Exercise — Every line from the one holding "It's really pretty." through the one holding "No extra space?" in the data below must be returned exactly, both ends included, with pictures left out and nothing else added.

Material provided —
------------------------------
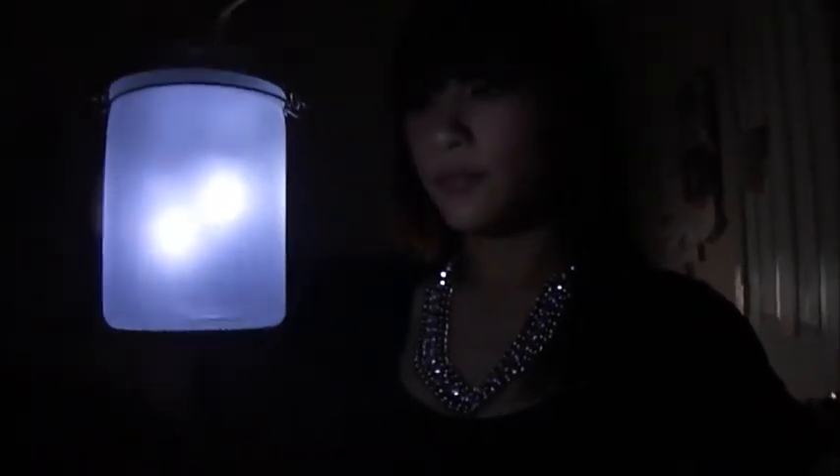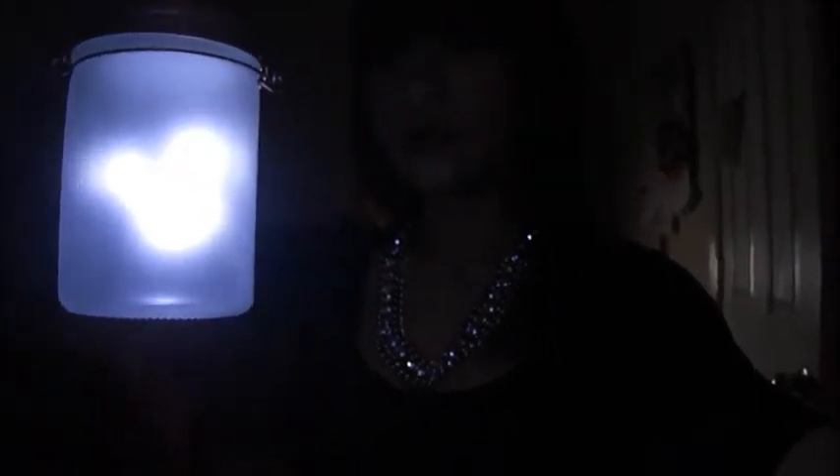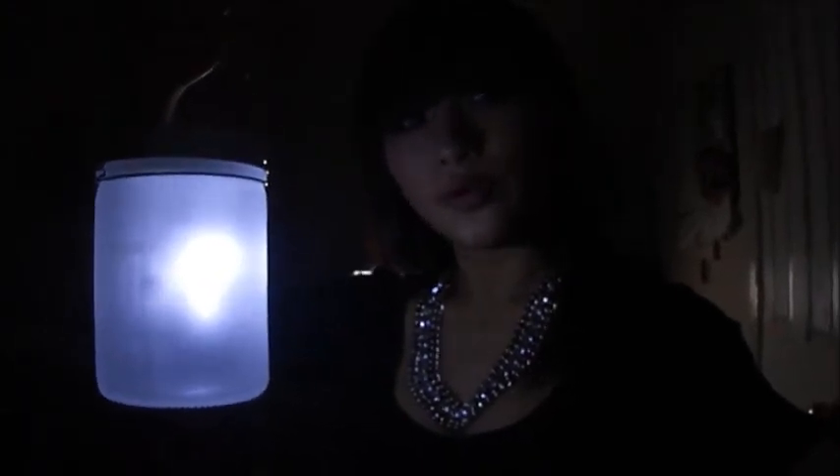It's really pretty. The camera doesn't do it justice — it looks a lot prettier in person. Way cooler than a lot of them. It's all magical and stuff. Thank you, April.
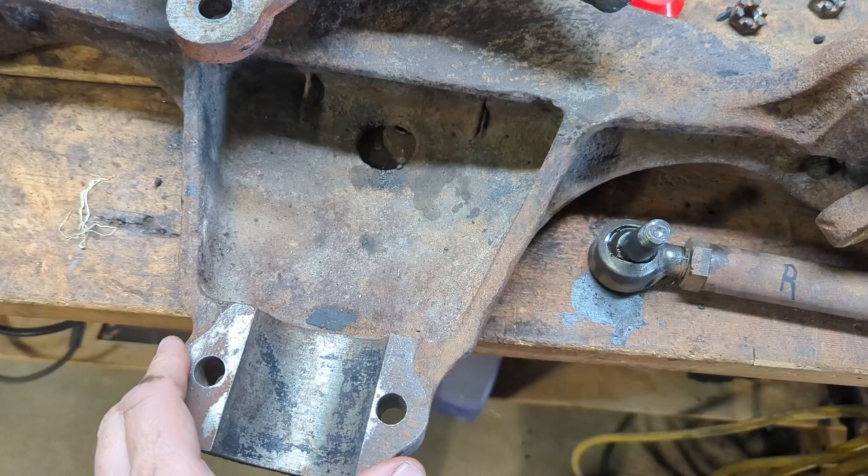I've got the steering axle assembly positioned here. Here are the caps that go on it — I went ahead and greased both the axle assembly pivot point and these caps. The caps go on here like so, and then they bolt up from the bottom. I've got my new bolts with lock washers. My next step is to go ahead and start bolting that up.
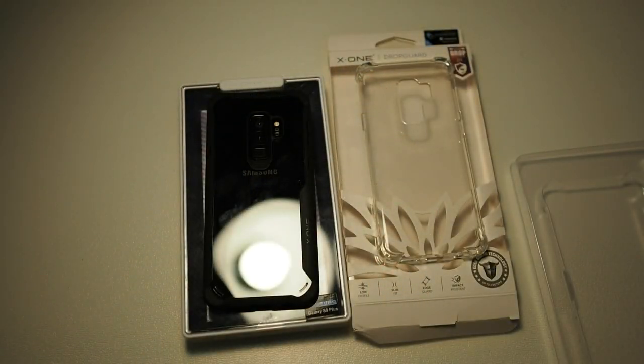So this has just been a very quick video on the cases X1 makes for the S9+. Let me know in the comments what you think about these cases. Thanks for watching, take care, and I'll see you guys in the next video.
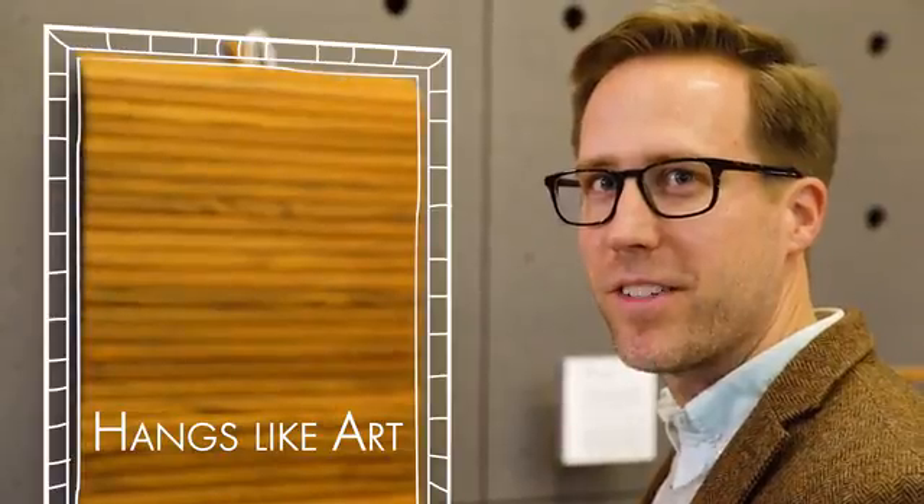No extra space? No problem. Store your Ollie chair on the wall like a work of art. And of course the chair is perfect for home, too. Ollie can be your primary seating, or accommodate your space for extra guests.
------------------------------
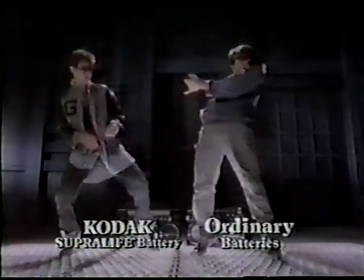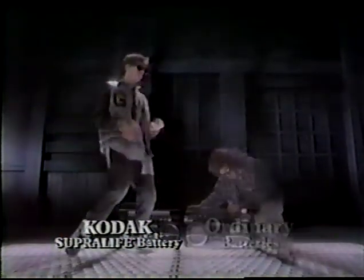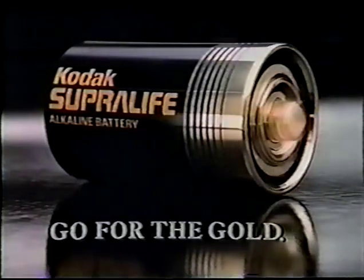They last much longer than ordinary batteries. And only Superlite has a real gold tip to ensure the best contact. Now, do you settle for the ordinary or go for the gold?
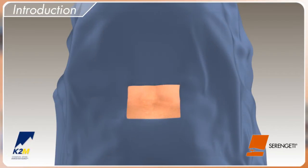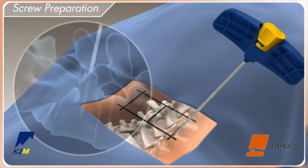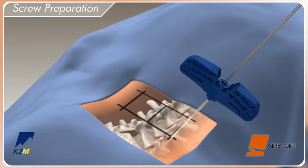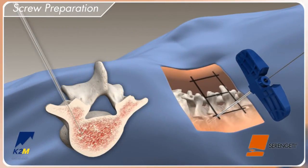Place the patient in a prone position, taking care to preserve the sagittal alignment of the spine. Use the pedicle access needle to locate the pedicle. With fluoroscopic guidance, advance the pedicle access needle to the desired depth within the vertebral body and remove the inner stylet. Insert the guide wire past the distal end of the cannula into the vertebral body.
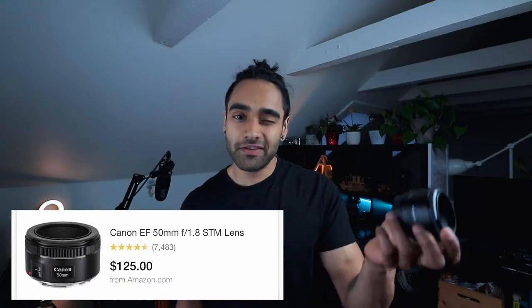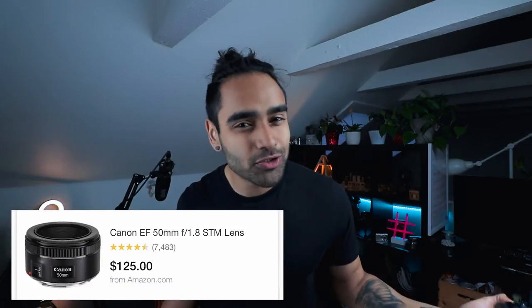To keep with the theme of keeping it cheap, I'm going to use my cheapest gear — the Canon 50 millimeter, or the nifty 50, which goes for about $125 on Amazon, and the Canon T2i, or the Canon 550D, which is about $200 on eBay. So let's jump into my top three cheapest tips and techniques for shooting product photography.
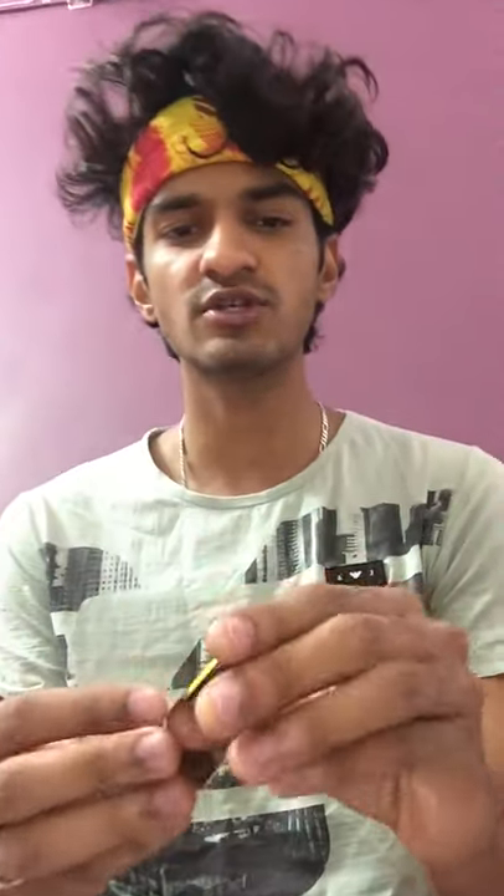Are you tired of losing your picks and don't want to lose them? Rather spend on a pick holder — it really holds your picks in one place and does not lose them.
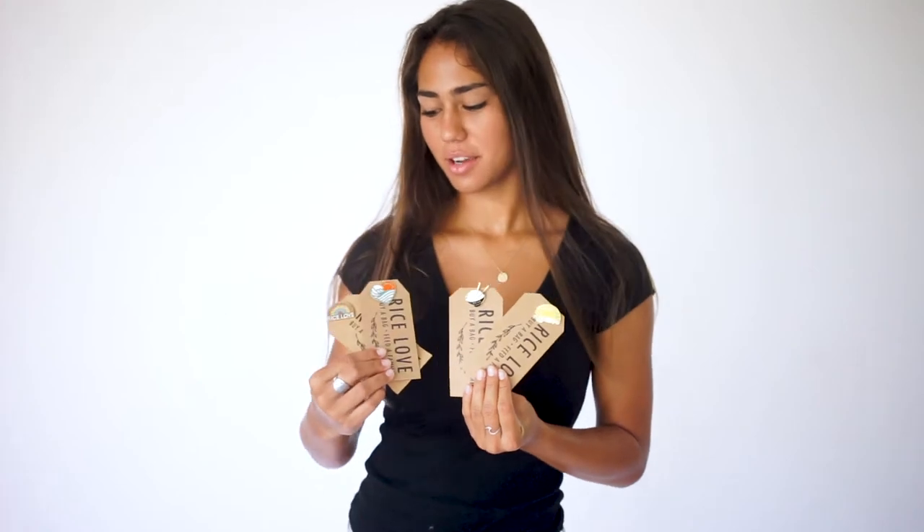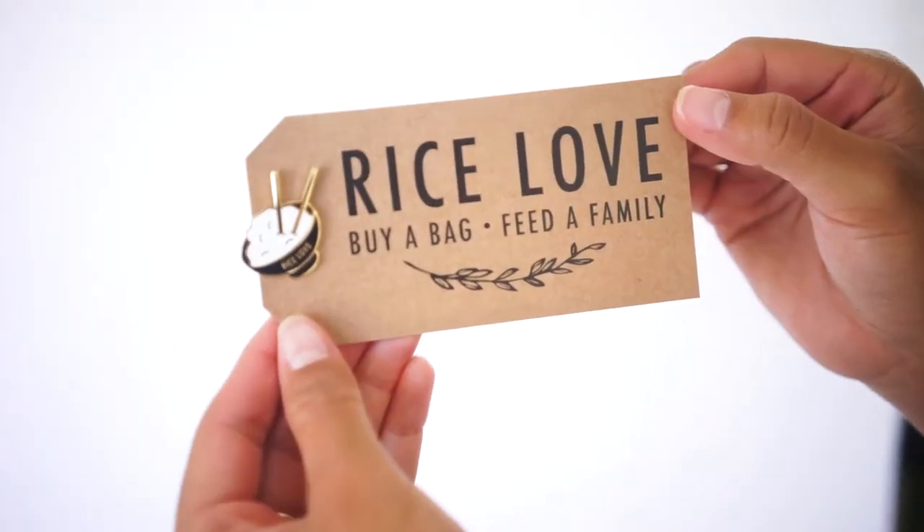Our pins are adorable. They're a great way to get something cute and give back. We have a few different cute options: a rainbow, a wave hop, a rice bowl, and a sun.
------------------------------
Answer section —
It's really pretty. The camera doesn't do it justice — it looks a lot prettier in person. Way cooler than a lot of them. It's all magical and stuff. Thank you, April.
I've got the steering axle assembly positioned here. Here are the caps that go on it — I went ahead and greased both the axle assembly pivot point and these caps. The caps go on here like so, and then they bolt up from the bottom. I've got my new bolts with lock washers. My next step is to go ahead and start bolting that up.
So this has just been a very quick video on the cases X1 makes for the S9+. Let me know in the comments what you think about these cases. Thanks for watching, take care, and I'll see you guys in the next video.
No extra space? No problem. Store your Ollie chair on the wall like a work of art. And of course the chair is perfect for home, too. Ollie can be your primary seating, or accommodate your space for extra guests.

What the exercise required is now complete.